**Exercise instructions**
Exact copy, pictures excluded: write out every line below.

**Given data**
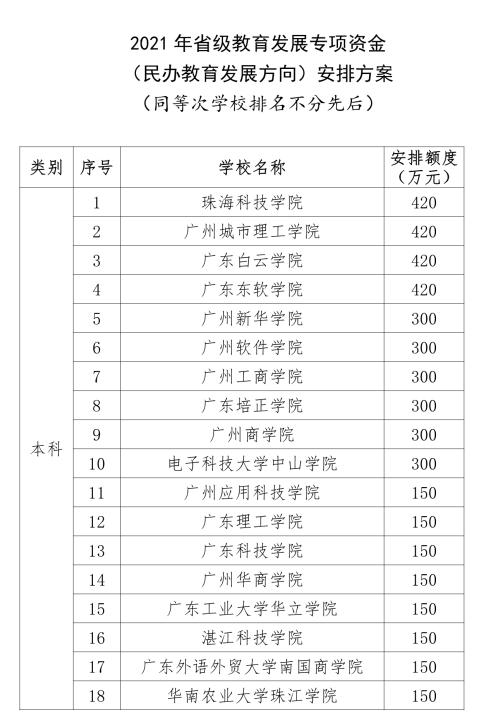 广东职高录取,广东高职院校
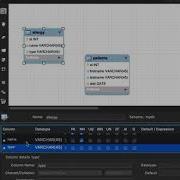 ERD Demo MySQL Workbench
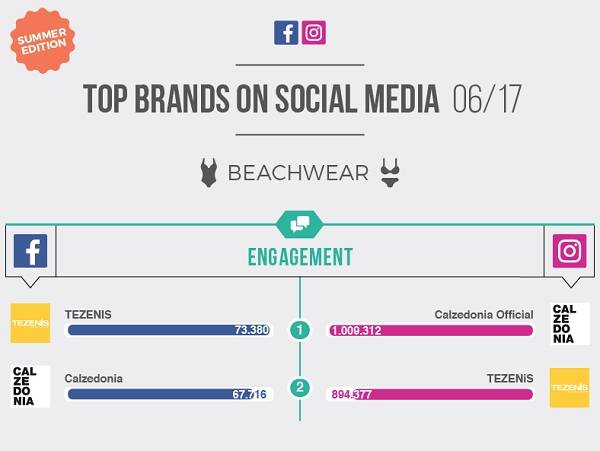 Technoretail - Top Brands Summer Edition: i brand spopolano su Facebook e Instagram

**Task output**
 广东职高录取,广东高职院校
 ERD Demo MySQL Workbench
 Technoretail - Top Brands Summer Edition: i brand spopolano su Facebook e Instagram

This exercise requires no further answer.